The claimant suffered a brain injury and was deemed catastrophically impaired as a result of a 2011 accident. He received personal care from his brother, who left multiple part-time jobs to care for him. The Form 1 supported $6,000 per month in ACBs, but the claimant’s brother suffered an economic loss of $2,100 per month based on his income in the year prior to the accident; however, following the 2014 amendments to the SABS, the insurer paid $1,528.91 per month based on the average income earned by the brother in the three years prior to the accident. In 2018, the claimant hired a professional service provided in order to utilize the full $6,000 per month Form 1. The insurer received an invoice, but never paid it. The claimant sought entitlement to the full Form 1 amount, arguing that it was “deemed incurred” or that the 2014 amendments to the SABS did not apply. He also sought entitlement to HK expenses and a special award. Adjudicator Lester concluded that the 2014 amendments to the SABS applied and that the claimant was only entitled to the economic loss suffered by his brother. However, she accepted that lost opportunities and “fringe benefits” (IE, CPP, extended health care benefits) could form the basis of an economic loss, but required a sufficient evidentiary basis. The claimant did not have sufficient evidence to prove the projected scenarios he put before the Tribunal, so his economic loss was limited to his foregone wages. Adjudicator Lester also found services by the professional to be deemed incurred for a period of 10 months (the time between submission of the invoice up to the payment of the invoice). Adjudicator Lester awarded HK expenses, finding that the claimant was responsible for cleaning tasks prior to the accident and that he could no longer perform such tasks. Further, services were incurred because the claimant’s brother had given up his work. Finally, the adjudicator held that the insurer improperly withheld ACBs by paying only $1,528.91 per month. A special award of 50 percent based on the shortfall of $571.09 per month was granted for services provided by his brother, all amounts provided by the professional service provider which were deemed incurred, and all awarded HK expenses.

S.R. v. Certas Home and Auto Insurance Company (18-006442)

The claimant was deemed catastrophically impaired. He sought entitlement to ongoing HK expenses, and entitlement to the rent differential for a larger rental home. Adjudicator Paluch rejected both claims. While he held that the claimant suffered a substantial inability to perform housekeeping tasks, he also found that the claimant had not incurred expenses related to housekeeping and concluded that the insurer had not unreasonably withheld HK expenses.
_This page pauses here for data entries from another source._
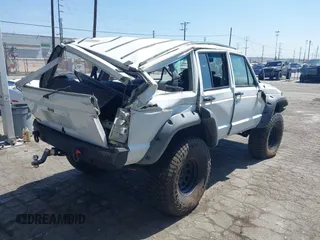 1991 Jeep Cherokee Country z VIN 1J4FJ78S7ML632675, wystawiony jako IAAI lot #42283175 z przebiegiem 116 062 mil mil oraz . Historia ofert i sprzedaży dostępna na DreamBid. Obrazek 6.
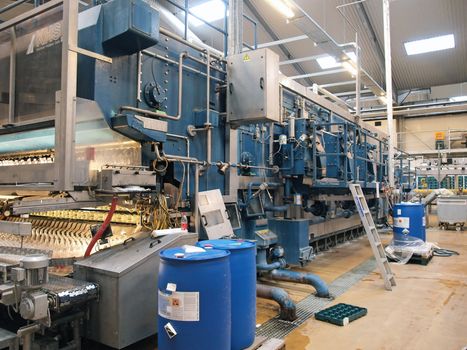 Machinery conveyor belt in a modern factory plant   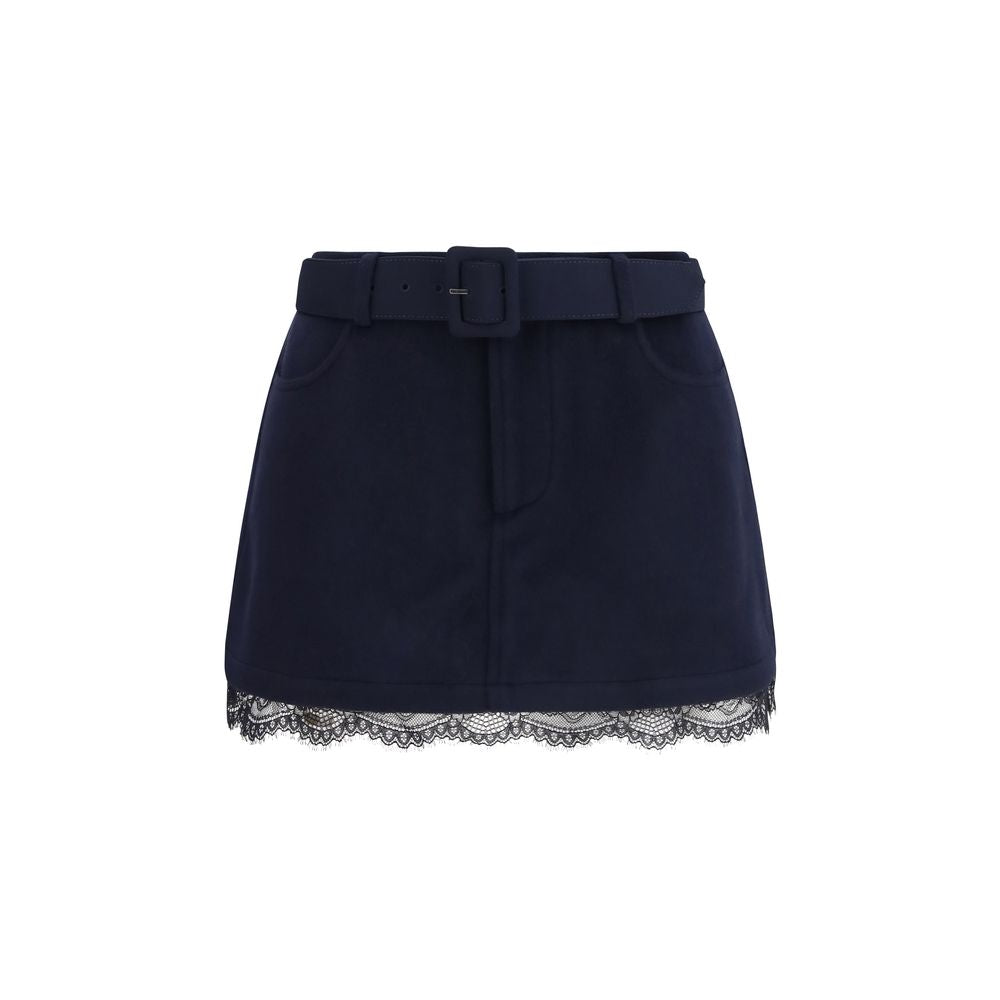 Discover the exquisite Self-Portrait Blue Wool Oves Aries Bermuda Shorts, a luxurious blend of Merino wool and lace, embodying timeless elegance for the discerning individual.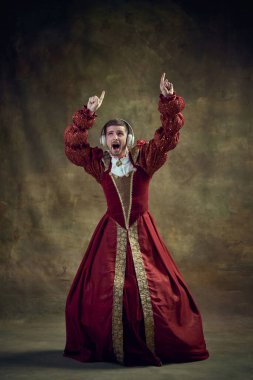 Genç adam, ortaçağ prensi, kadın elbiseli hükümdar kulaklıkla müzik dinleyen, klasik arka planda dans eden. Tarihi retrospektifler, moda, kışkırtıcı projeler, cinsiyet akışkanlığı kavramı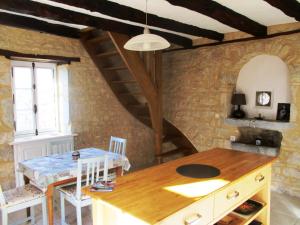 a dining room with a table and a staircase at Gîtes Coeur de Lot in Soucirac
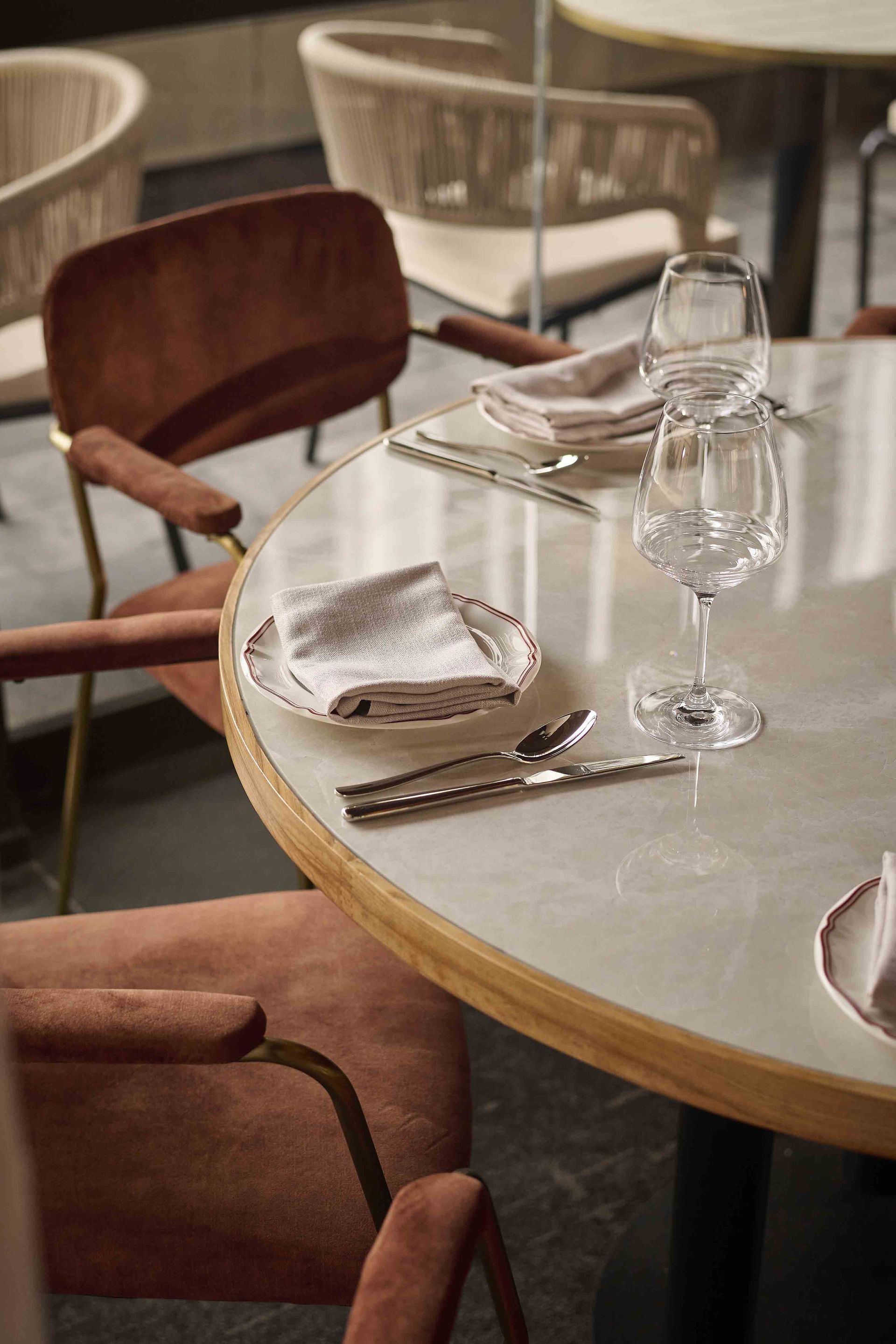 Set dining table with white cloth, wine glasses, plates, and wooden chairs in a restaurant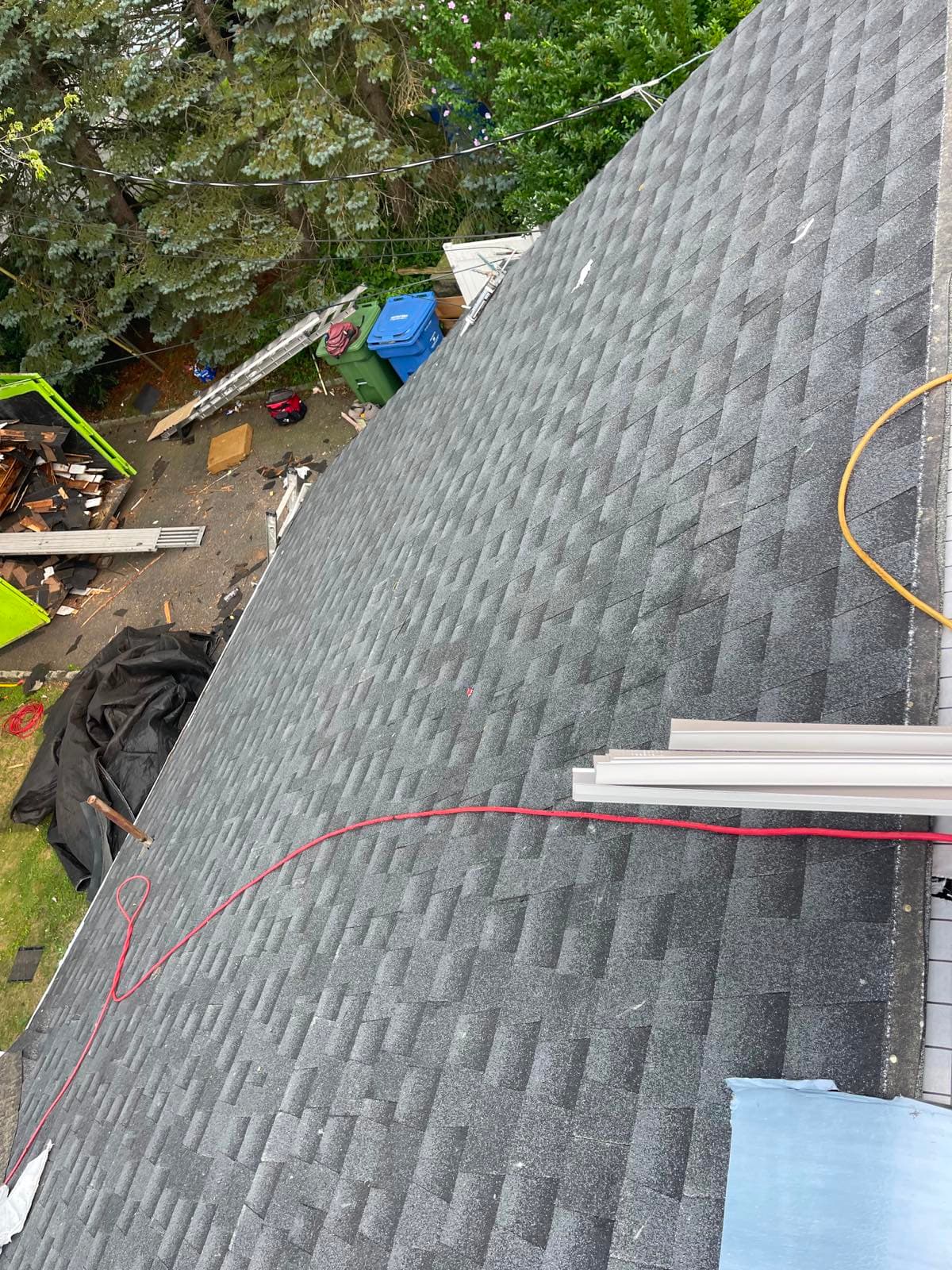 Freshly laid charcoal architectural asphalt shingles running down the hip of a Parlin, NJ roof, with the tear-off dumpster, ladder and tarped landscaping visible in the yard below
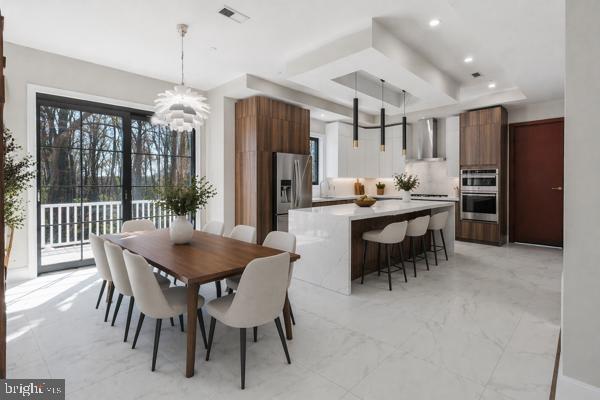 11701 Duckettown Road Bowie, MD 20720 - Photo 4 of 27 a view of a dining room with furniture window and outside view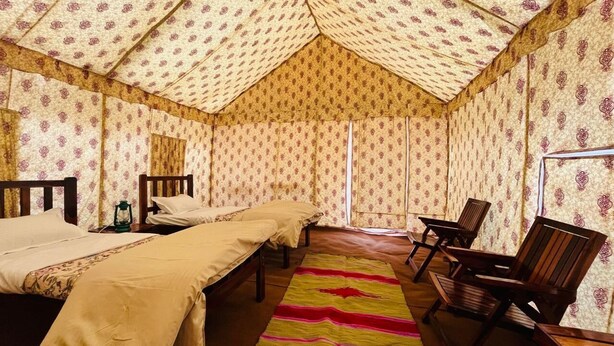 A room with two beds, a wooden chair, a small table, and a patterned wall. - Kumbh Travel (Prayagraj)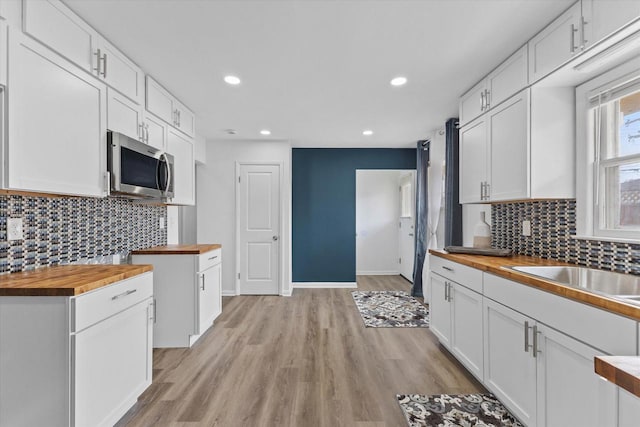 8122 W Potomac Ave, Milwaukee, WI 53218 - kitchen featuring butcher block counters, stainless steel microwave, tasteful backsplash, and recessed lighting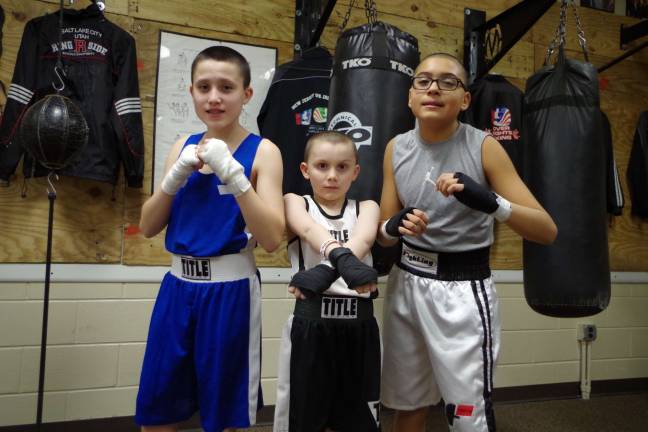 From left thirteen-year-old Kevin Pereira of, Randolph, nine-year-old Daniel Leahy, of Byram, and thirteen-year-old Alejandro Verdun, of Budd Lake, represent a new generation of boxers.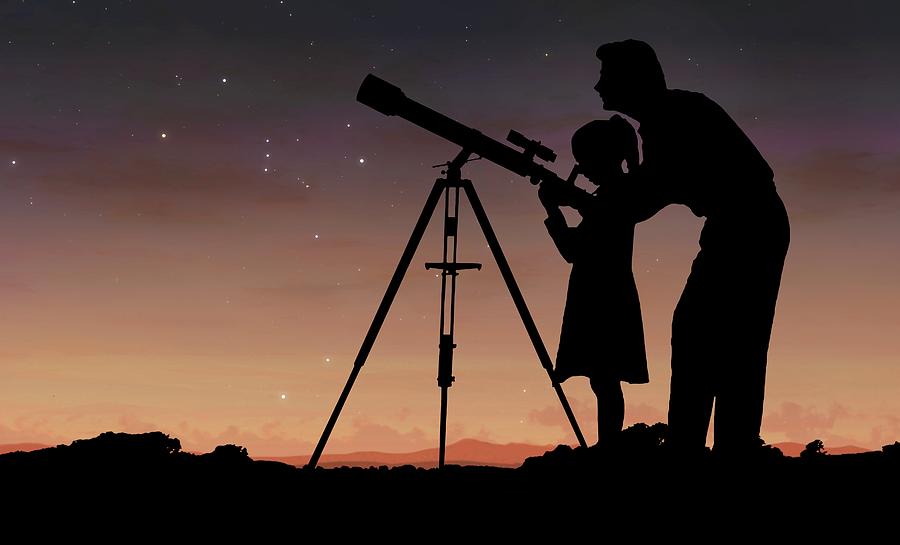 Man And Girl Using Telescope Photograph by Mark Garlick/science Photo Library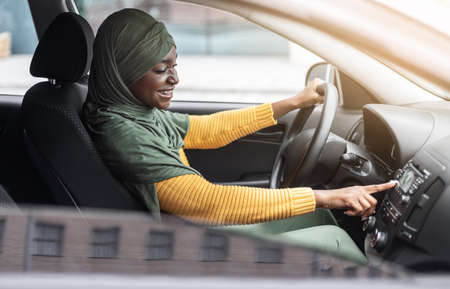 Car Playlist. Joyful Black Muslim Woman In Hijab Driving Car And Listening Music From Auto Audio...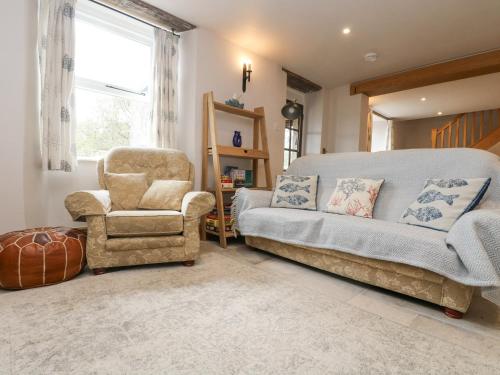a living room with a couch and a chair at Woodbine Cottage in Falmouth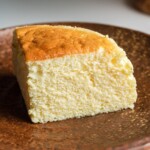 yogurt souffle cake on a brown plate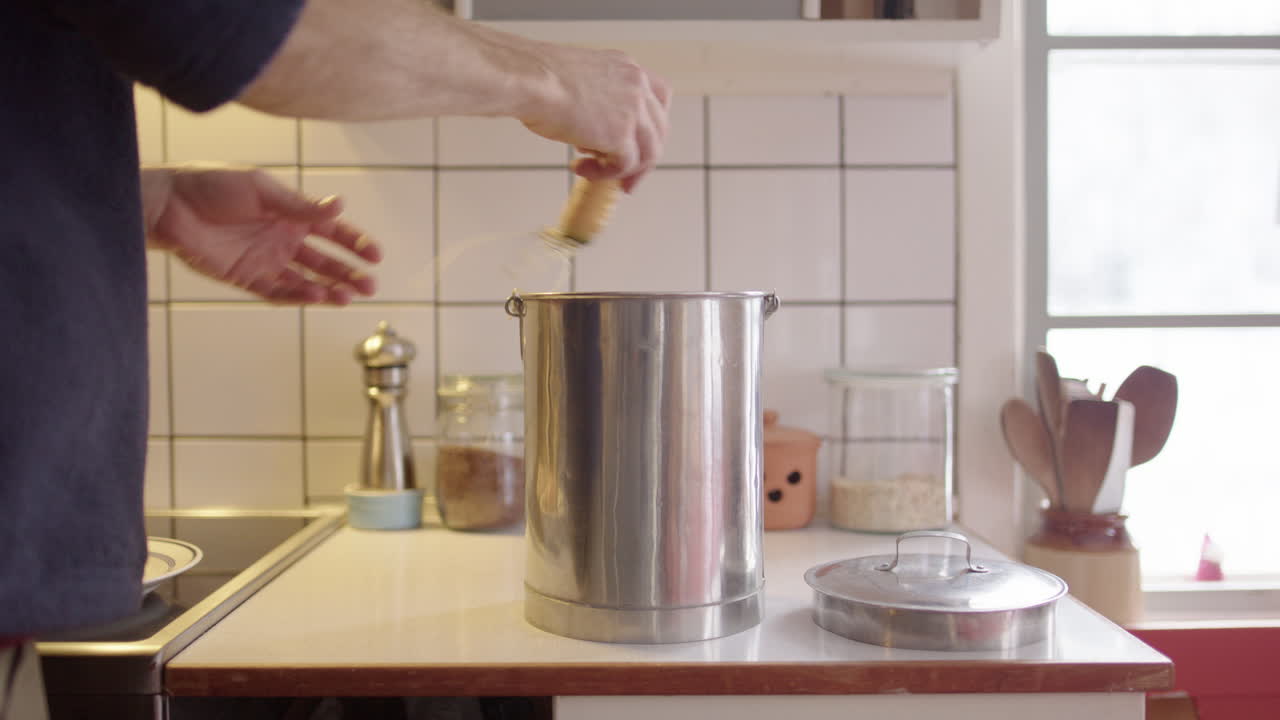 Organic vegetable food waste discarded by unrecognizable male into compost bin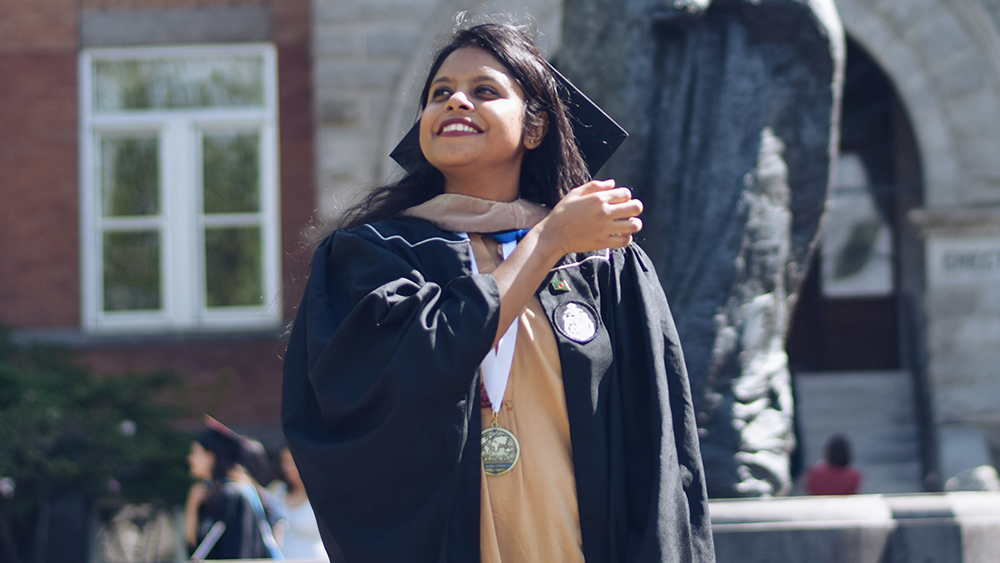 Sarah, an international student from Bangladesh, stands in her cap and gown on graduation day on the Gonzaga University campus.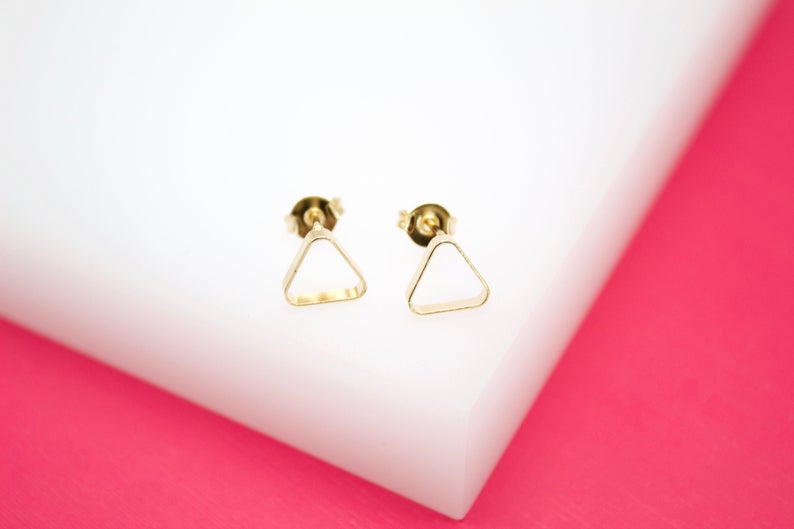A pair of minimalist gold triangle stud earrings rests on a white display surface against a vibrant pink background.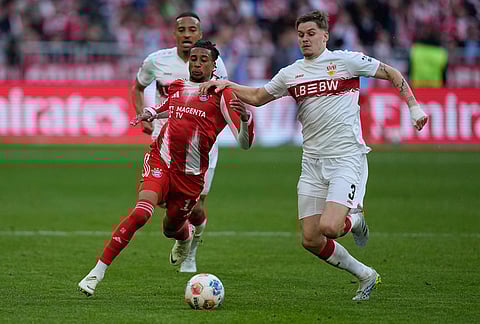 Bayern's Michael Olise, left, and Stuttgart's Ramon Hendriks fight for the ball during a Bundesliga soccer match between Bayern and Stuttgart in Munich, Germany.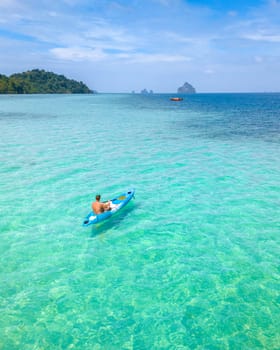 Young men in a kayak at the bleu turqouse colored ocean of Koh Kradan Thailand, a tropical island with a coral reef in the ocean, Koh Kradan Trang Thailand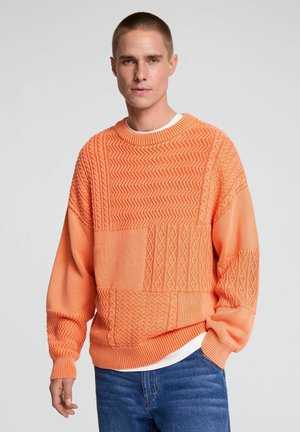 Uomo che indossa un maglione arancione strutturato sopra una camicia bianca e jeans blu, in piedi con una mano in tasca su uno sfondo semplice.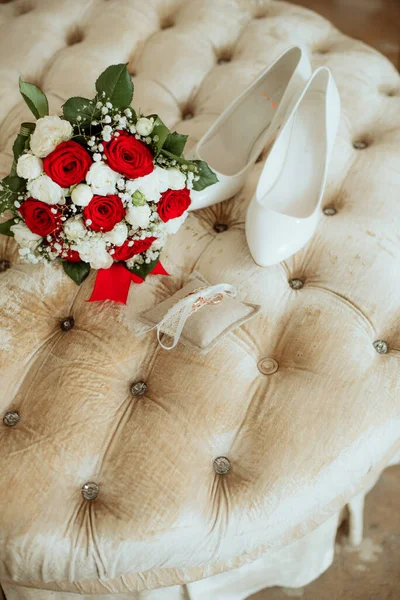 Wedding bouquet of white and red roses, white high heels and gold wedding rings on a boudoir ottoman. Wedding details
In terms of the claim for rent differential, the adjudicator noted that the claimant failed to put sufficient evidence before the Tribunal regarding his current rent, the current rental market rates, the amount the claimant received for rent from his brother, or why a larger unit was needed (as opposed to removing some of the clutter in the current unit).

W.E. v. Wawanesa Mutual Insurance Company (17-002054)

The claimant sought entitlement to housekeeping expenses, and the cost of obtaining her employment file for the insurer. Adjudicator Gosio held that the claimant had proven that she suffered a substantial inability to perform the housekeeping services she normally performed prior to the accident, but that she did not prove that the expenses were incurred. The claimant’s only evidence regarding the economic loss of her sister (the service provider) was a statement in the claimant’s affidavit that the sister took a leave of absence from her employment. The adjudicator also held that the expenses could not be deemed incurred because the insurer had provided the claimant with an explanation of benefits earlier in the claim. The insurer was not required to explain the intricacies of the “incurred expense” definition. Finally, Adjudicator Gosio held that the Tribunal could not order the insurer to pay costs to the claimant for her employment records because the insurer had not acted unreasonably or vexatiously.